ABOUT THIS EXERCISE –
In the records below, find the line containing "Council Tree Dr Arrowhead Esta Drive" and the line containing "hand, hold, reach, place, outstretched"; please repeat exactly the lines from one to the other, both included, and nothing more.

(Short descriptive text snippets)
■ ■ ■ ■

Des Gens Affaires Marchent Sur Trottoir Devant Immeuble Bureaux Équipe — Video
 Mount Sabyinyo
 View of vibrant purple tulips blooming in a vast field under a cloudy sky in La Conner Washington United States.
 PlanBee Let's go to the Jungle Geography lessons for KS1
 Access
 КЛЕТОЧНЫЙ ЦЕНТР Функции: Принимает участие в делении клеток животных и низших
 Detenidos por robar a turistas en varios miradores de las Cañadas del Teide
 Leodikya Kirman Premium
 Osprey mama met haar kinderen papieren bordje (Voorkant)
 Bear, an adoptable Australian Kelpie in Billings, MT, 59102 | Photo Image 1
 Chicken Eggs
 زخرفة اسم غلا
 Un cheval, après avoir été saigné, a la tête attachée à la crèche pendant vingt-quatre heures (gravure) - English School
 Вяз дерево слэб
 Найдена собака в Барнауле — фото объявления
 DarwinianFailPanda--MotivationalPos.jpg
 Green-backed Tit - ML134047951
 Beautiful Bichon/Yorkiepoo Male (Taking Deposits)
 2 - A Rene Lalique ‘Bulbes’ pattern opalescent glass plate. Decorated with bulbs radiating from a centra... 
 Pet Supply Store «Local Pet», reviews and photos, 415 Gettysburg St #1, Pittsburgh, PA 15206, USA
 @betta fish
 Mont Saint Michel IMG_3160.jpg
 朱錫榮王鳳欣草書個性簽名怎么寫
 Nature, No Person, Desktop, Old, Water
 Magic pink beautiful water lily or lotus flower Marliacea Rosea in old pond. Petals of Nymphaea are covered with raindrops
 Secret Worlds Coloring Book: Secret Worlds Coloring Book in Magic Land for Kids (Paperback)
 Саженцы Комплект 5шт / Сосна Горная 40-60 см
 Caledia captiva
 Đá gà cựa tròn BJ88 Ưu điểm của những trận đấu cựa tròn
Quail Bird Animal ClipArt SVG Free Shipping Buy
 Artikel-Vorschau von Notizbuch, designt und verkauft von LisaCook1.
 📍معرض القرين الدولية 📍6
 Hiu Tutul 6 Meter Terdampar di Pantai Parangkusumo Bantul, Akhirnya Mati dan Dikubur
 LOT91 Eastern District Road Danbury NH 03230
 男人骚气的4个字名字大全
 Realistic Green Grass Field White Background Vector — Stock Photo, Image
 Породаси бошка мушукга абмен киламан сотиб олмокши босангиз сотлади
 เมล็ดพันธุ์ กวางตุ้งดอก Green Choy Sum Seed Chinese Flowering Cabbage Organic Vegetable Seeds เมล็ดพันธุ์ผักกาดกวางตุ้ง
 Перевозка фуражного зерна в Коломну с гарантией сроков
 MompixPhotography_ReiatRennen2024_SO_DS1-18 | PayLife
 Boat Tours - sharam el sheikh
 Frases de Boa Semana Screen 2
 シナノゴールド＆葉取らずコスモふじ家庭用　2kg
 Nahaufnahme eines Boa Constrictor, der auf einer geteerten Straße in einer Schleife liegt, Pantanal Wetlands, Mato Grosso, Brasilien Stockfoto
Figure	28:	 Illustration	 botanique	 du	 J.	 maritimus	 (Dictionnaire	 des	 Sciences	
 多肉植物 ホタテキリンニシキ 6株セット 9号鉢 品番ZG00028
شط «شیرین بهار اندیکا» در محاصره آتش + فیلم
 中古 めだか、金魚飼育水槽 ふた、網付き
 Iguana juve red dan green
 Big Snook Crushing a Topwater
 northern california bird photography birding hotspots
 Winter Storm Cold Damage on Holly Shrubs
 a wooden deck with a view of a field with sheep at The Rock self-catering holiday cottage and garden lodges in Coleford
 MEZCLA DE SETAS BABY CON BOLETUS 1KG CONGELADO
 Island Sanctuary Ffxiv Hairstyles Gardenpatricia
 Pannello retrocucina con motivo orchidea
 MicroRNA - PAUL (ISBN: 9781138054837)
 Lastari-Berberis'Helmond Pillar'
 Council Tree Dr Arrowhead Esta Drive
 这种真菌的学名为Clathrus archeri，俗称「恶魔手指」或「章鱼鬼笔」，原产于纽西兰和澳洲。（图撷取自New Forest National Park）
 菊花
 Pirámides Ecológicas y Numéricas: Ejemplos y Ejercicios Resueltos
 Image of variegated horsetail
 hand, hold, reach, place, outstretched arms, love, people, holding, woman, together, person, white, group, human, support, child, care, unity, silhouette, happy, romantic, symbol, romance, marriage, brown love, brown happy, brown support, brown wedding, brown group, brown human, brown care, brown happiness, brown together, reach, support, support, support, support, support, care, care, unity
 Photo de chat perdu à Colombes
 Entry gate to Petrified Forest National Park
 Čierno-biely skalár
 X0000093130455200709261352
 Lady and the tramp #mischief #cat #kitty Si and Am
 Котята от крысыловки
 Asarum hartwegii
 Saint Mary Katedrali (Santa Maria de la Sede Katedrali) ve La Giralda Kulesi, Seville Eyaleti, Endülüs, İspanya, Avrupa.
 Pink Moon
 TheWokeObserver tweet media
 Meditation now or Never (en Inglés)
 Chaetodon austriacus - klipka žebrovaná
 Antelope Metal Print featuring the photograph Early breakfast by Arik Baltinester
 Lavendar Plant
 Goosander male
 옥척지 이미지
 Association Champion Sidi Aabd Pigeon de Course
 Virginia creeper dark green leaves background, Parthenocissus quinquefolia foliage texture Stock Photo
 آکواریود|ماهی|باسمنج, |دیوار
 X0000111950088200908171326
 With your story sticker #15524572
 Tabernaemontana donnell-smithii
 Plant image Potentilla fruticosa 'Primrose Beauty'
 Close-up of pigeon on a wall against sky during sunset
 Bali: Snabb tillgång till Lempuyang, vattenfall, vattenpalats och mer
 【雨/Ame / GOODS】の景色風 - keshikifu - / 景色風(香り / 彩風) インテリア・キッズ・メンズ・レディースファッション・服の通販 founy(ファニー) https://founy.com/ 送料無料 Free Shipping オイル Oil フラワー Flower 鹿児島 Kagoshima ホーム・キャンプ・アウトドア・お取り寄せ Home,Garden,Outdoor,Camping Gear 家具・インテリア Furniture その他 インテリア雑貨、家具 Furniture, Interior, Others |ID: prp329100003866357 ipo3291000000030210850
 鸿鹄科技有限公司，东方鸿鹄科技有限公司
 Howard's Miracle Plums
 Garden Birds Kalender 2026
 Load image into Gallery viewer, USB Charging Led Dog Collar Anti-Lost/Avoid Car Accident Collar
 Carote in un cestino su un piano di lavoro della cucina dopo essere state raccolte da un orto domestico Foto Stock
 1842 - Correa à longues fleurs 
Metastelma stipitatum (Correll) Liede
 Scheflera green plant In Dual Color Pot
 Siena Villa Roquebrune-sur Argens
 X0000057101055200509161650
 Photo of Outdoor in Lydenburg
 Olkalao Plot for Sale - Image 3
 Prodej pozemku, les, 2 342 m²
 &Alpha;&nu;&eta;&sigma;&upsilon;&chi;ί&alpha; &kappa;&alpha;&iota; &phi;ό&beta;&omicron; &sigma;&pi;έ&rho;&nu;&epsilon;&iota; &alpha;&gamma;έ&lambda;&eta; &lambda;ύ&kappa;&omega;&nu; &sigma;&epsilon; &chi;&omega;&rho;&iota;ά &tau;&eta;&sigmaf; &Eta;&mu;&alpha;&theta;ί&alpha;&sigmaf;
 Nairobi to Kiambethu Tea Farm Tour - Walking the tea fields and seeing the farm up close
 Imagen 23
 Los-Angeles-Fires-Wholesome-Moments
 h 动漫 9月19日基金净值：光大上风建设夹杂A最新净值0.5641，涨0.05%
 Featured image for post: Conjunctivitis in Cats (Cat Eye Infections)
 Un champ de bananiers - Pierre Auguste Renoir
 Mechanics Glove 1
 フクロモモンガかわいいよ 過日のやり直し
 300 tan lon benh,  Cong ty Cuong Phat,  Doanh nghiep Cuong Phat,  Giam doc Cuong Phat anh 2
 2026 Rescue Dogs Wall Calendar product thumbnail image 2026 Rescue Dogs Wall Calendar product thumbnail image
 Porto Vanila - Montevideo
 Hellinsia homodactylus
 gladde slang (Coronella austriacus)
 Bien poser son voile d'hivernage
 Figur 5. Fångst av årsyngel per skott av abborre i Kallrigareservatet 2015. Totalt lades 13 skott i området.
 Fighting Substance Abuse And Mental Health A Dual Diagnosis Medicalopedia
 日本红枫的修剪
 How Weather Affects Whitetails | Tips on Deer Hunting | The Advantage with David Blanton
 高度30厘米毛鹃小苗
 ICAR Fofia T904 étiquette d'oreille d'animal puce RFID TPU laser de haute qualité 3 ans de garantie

■ ■ ■ ■

SOLUTION TO THIS TASK –
 Council Tree Dr Arrowhead Esta Drive
 这种真菌的学名为Clathrus archeri，俗称「恶魔手指」或「章鱼鬼笔」，原产于纽西兰和澳洲。（图撷取自New Forest National Park）
 菊花
 Pirámides Ecológicas y Numéricas: Ejemplos y Ejercicios Resueltos
 Image of variegated horsetail
 hand, hold, reach, place, outstretched arms, love, people, holding, woman, together, person, white, group, human, support, child, care, unity, silhouette, happy, romantic, symbol, romance, marriage, brown love, brown happy, brown support, brown wedding, brown group, brown human, brown care, brown happiness, brown together, reach, support, support, support, support, support, care, care, unity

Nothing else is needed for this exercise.